Sir Ron Dearing's year-long national committee of inquiry into higher education, publishing its 1,700-page report this afternoon, has concluded that the risk of declining degree quality is the central issue facing the sector.
If graduates are to repay up to pounds 3,000 towards the cost of their courses - a change proposed by the committee and already accepted by the Government - minimum standards must be guaranteed in return for their investment, the report will say. It will set down a series of measures, including introduction of threshold standards for all higher-education qualifications, irrespective of the institution offering them, and compulsory training for all lecturers entering higher education.
Under the proposals, universities would be expected to make clear to potential students the precise content and outcomes of their courses. The honours-degree classification system of firsts, seconds and thirds might be scrapped and replaced with a pass/fail system, under which graduates would also receive a "script" or report, showing the knowledge and skills they had acquired.
The committee will stop short of suggesting standards have already declined during the recent expansion of higher education, which has seen numbers of young people going to university rise from around one in 20 in the early Sixties to more than one in three today.
But it will make clear that the issue of maintaining quality can be ignored "at our peril". As universities face a pounds 3bn cash shortfall, the Government cannot duck the issue of funding, but there is a danger the problem of standards could be "fudged" unless steps are taken quickly, the committee is expected to say.

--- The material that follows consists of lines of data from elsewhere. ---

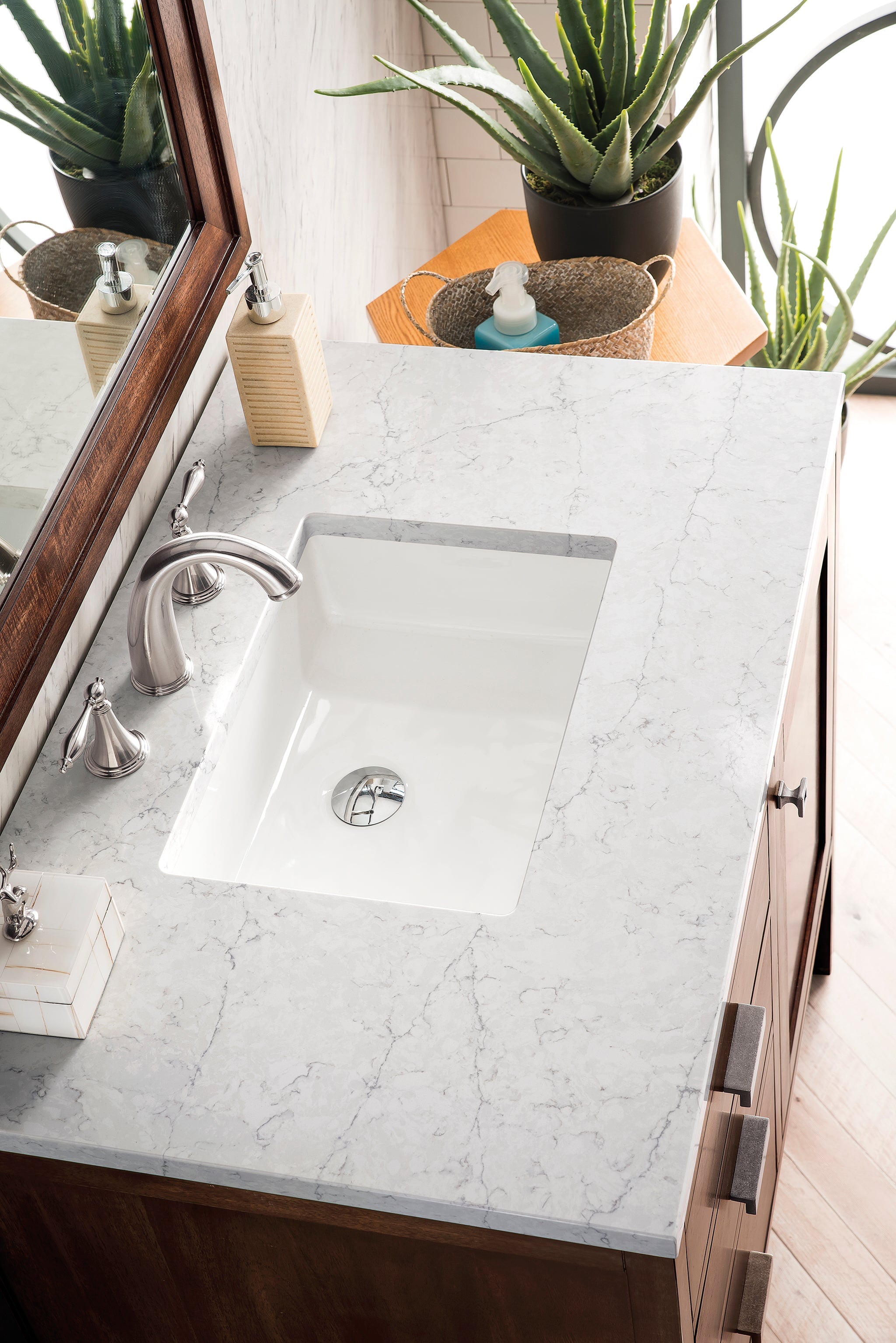 James Martin Addison 36" Single Bathroom Vanity, Mid-Century Acacia with Eternal Jasmine Pearl countertop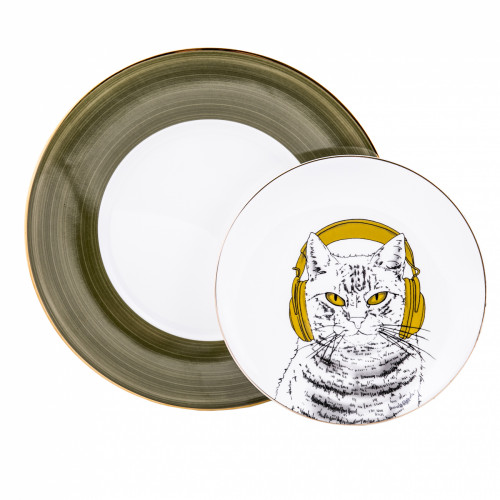 комплект тарелок кот в наушниках в Прокопьевске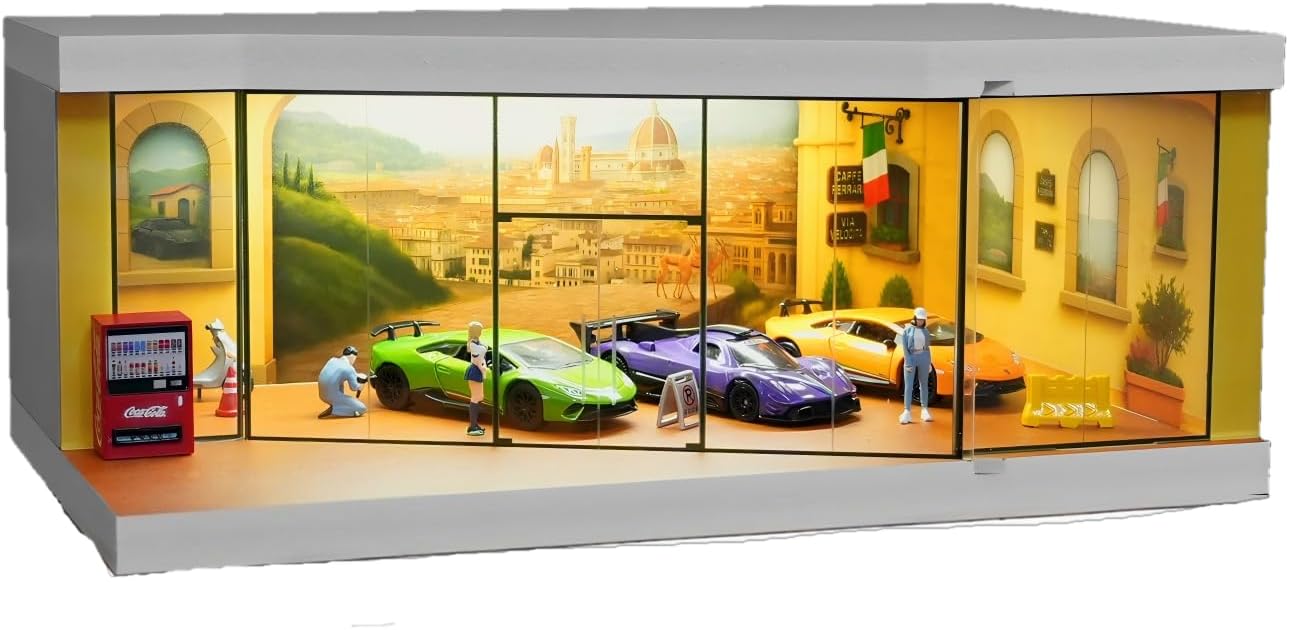 1:64 Scale Die-Cast Car Display Stand. Suitable for Hot Wheels, Matchbox, and Similar die-cast car Models. Setting and Lighting: Parking Lot (Racing Pit Stop Exhibition Hall)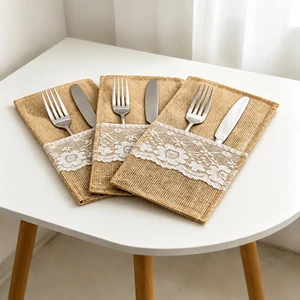 Burlap Rectangle Silverware Holders for Christmas Decorations Rustic Lace Cutlery Pouches American Country Style for Christmas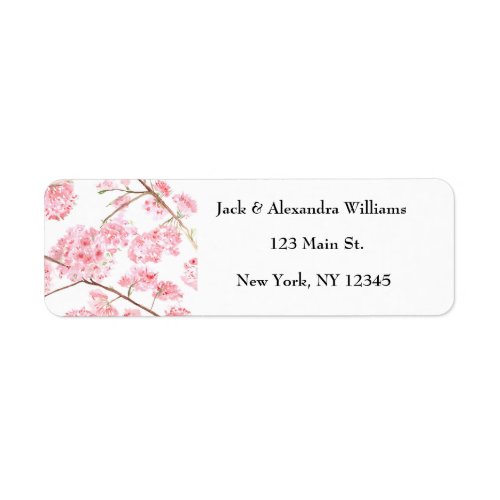 Watercolor Cherry blossom Pink Return Address  Lab Label
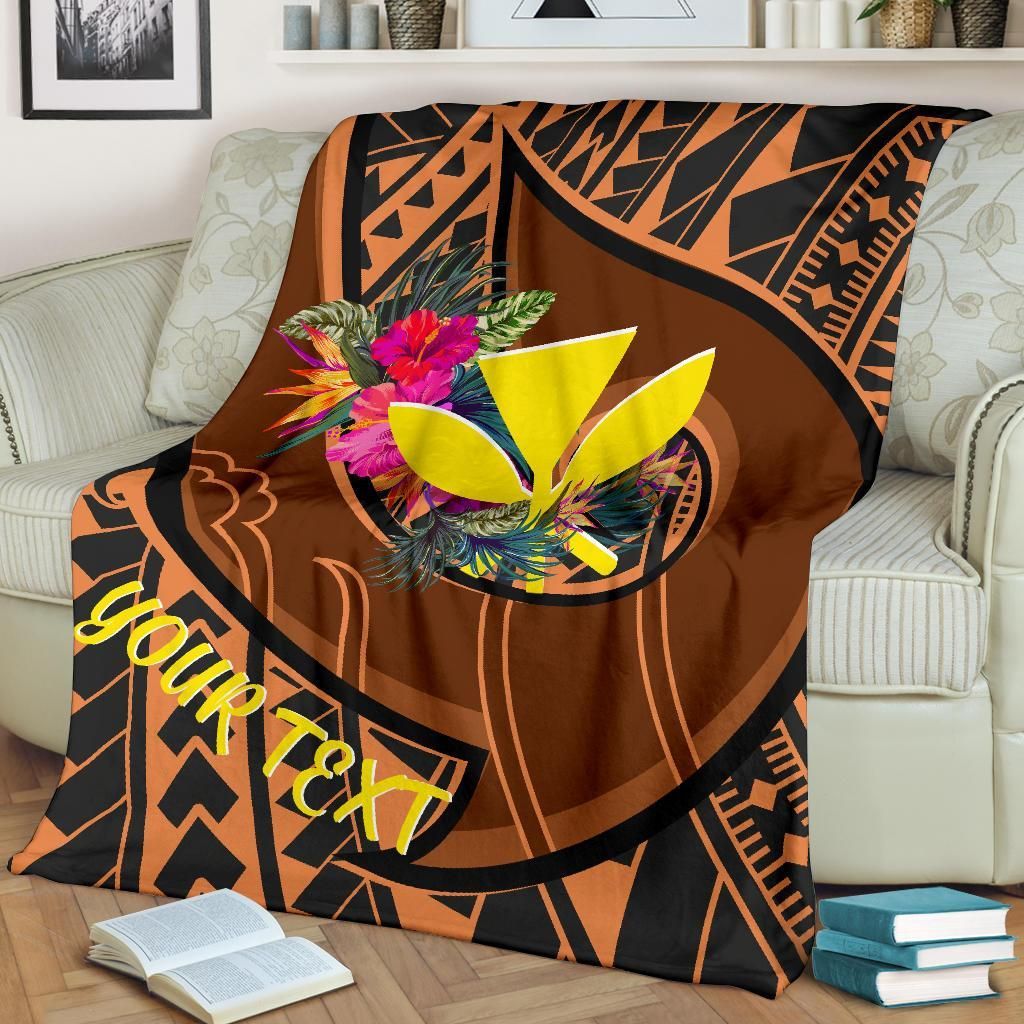 Hawaii Kanaka Maoli Premium Blanket - Polynesian Hook And Hibiscus-Myprintsy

The Dearing report, Higher Education in the Learning Society, is the most important analysis of higher education since the Robbins report of 1964. The latest study, like its predecessor, calls for expansion in the sector, but suggests the biggest growth area is likely to be in sub-degree courses such as Higher National Diplomas and Certificates. Further-education colleges, many of which already offer HNCs, may see much of the expansion, the committee will say.
It will propose a more flexible system of qualifications which allow students to leave study for work and then return later.